Dopo il ritrovamento, il cucciolo era stato raccolto, toccato e sistemato all’interno di una scatola di cartone. Una procedura che, spiegano gli operatori, andrebbe evitata. I cuccioli di capriolo, infatti, non devono essere toccati, spostati o manipolati, salvo diverse indicazioni da parte degli enti competenti.

In accordo con il Centro Recupero Fauna Selvatica, il piccolo è stato quindi riportato esattamente nel punto in cui era stato trovato. Gli operatori hanno inoltre cercato di attenuare l’odore lasciato dal contatto umano utilizzando terra, fango ed erba del luogo, così da favorire il ritorno della madre.

E il finale è stato quello sperato: durante il controllo successivo, la femmina è tornata dal proprio cucciolo, consentendo il ricongiungimento naturale.

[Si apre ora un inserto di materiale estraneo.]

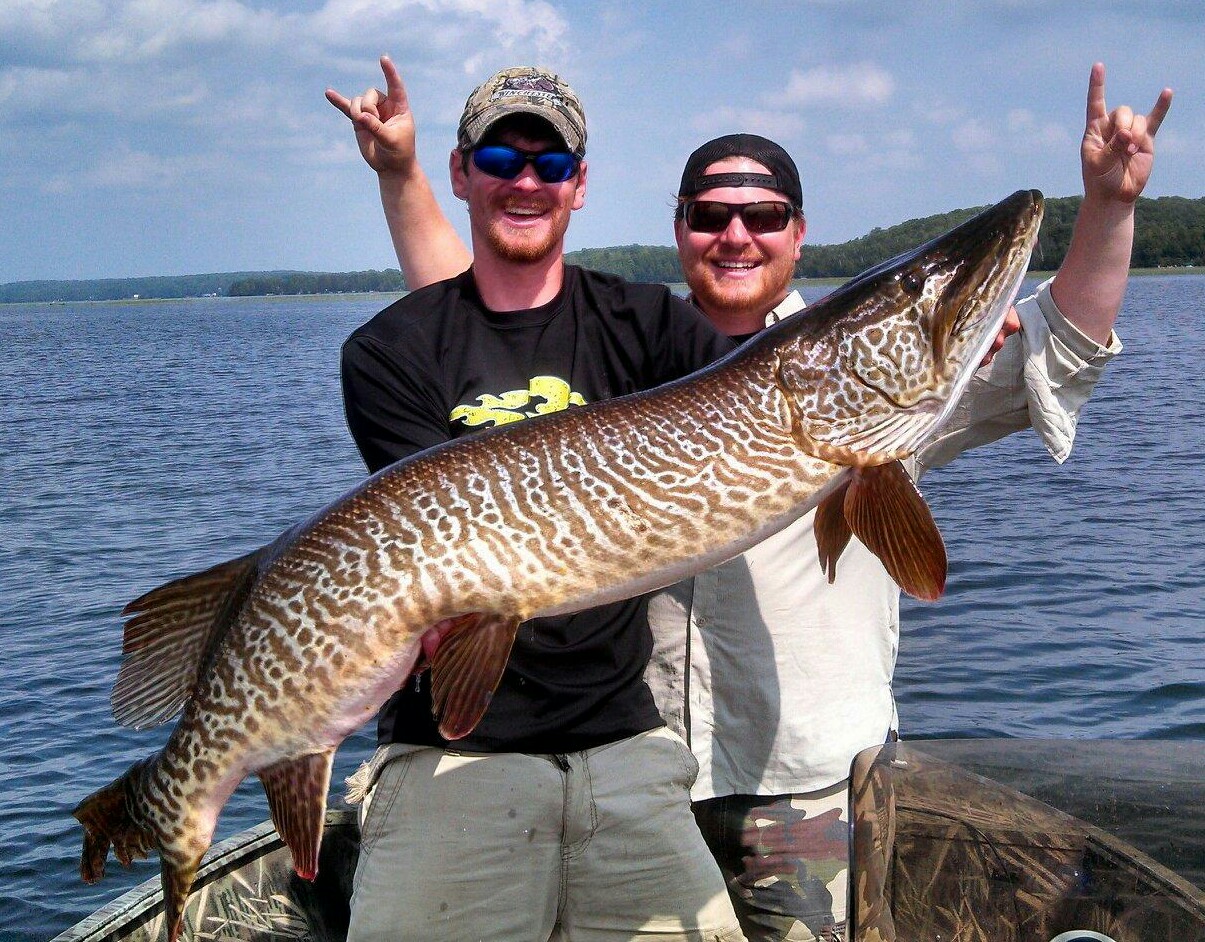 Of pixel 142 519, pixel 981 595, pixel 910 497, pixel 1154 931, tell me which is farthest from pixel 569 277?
pixel 142 519

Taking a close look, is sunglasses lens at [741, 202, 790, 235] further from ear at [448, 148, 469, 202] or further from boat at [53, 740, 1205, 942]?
boat at [53, 740, 1205, 942]

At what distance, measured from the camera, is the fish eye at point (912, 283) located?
9.95 ft

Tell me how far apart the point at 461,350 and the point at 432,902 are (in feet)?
5.23

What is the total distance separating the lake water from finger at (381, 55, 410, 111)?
450 cm

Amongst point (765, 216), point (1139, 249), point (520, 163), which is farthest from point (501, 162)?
point (1139, 249)

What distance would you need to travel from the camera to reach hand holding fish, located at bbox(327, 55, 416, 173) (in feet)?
13.4

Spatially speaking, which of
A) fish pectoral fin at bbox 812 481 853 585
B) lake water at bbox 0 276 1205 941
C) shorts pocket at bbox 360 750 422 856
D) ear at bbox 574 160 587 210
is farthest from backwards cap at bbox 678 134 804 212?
lake water at bbox 0 276 1205 941

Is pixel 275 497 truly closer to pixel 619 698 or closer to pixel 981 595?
pixel 981 595

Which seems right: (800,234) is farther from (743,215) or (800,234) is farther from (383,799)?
(383,799)

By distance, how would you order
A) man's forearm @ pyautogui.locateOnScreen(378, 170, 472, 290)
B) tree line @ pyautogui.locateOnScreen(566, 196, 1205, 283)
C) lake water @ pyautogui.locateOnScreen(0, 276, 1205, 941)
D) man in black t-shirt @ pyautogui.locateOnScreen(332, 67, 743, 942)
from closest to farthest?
1. man in black t-shirt @ pyautogui.locateOnScreen(332, 67, 743, 942)
2. man's forearm @ pyautogui.locateOnScreen(378, 170, 472, 290)
3. lake water @ pyautogui.locateOnScreen(0, 276, 1205, 941)
4. tree line @ pyautogui.locateOnScreen(566, 196, 1205, 283)

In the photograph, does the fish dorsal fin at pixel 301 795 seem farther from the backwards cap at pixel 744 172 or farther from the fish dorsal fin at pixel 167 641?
the backwards cap at pixel 744 172

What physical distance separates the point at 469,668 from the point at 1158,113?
248 cm

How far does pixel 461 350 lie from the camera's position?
3441mm

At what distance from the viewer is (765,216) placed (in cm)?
415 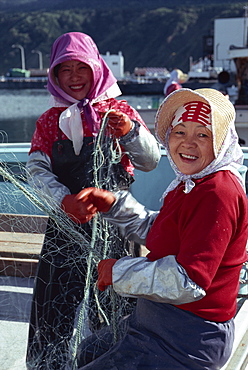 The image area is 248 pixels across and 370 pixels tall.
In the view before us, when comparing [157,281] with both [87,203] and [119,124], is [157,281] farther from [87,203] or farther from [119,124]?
[119,124]

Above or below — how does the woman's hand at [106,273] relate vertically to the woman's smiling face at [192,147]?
below

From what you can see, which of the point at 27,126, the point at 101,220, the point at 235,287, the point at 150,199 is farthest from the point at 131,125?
the point at 27,126

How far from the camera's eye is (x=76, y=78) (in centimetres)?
202

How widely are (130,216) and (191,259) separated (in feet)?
1.94

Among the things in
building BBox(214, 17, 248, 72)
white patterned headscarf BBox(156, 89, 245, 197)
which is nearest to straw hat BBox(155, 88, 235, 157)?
white patterned headscarf BBox(156, 89, 245, 197)

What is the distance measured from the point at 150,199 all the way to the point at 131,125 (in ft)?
6.79

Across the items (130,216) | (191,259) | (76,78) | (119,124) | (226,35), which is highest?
(76,78)

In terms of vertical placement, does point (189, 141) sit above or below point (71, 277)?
above

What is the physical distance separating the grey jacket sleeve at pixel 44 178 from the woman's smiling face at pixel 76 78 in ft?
1.00

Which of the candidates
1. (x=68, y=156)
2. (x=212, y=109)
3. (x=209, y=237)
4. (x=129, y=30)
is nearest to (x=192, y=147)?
(x=212, y=109)

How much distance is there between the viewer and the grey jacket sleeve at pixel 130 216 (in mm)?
1809

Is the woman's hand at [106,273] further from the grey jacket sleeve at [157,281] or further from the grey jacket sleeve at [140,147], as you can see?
the grey jacket sleeve at [140,147]

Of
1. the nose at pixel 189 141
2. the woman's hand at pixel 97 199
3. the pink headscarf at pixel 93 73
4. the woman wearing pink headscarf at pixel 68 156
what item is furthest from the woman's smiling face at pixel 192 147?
the pink headscarf at pixel 93 73

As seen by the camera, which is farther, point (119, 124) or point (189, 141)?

L’episodio diventa anche l’occasione per lanciare un appello a chi svolge lavori di pulizia di terreni, fasce ed aree con vegetazione alta. Prima di procedere con lo sfalcio è importante verificare con attenzione la presenza di animali selvatici nascosti nell’erba.

In caso di ritrovamento di un cucciolo ferito o apparentemente in difficoltà, il consiglio è di non intervenire direttamente e di contattare il numero unico di emergenza 112, attendendo le indicazioni degli operatori specializzati.

“La fauna selvatica si protegge anche rispettando i suoi tempi e i suoi spazi”, ricordano i soccorritori, sottolineando come comportamenti apparentemente dettati dalla buona volontĂ  possano talvolta compromettere la sopravvivenza degli animali.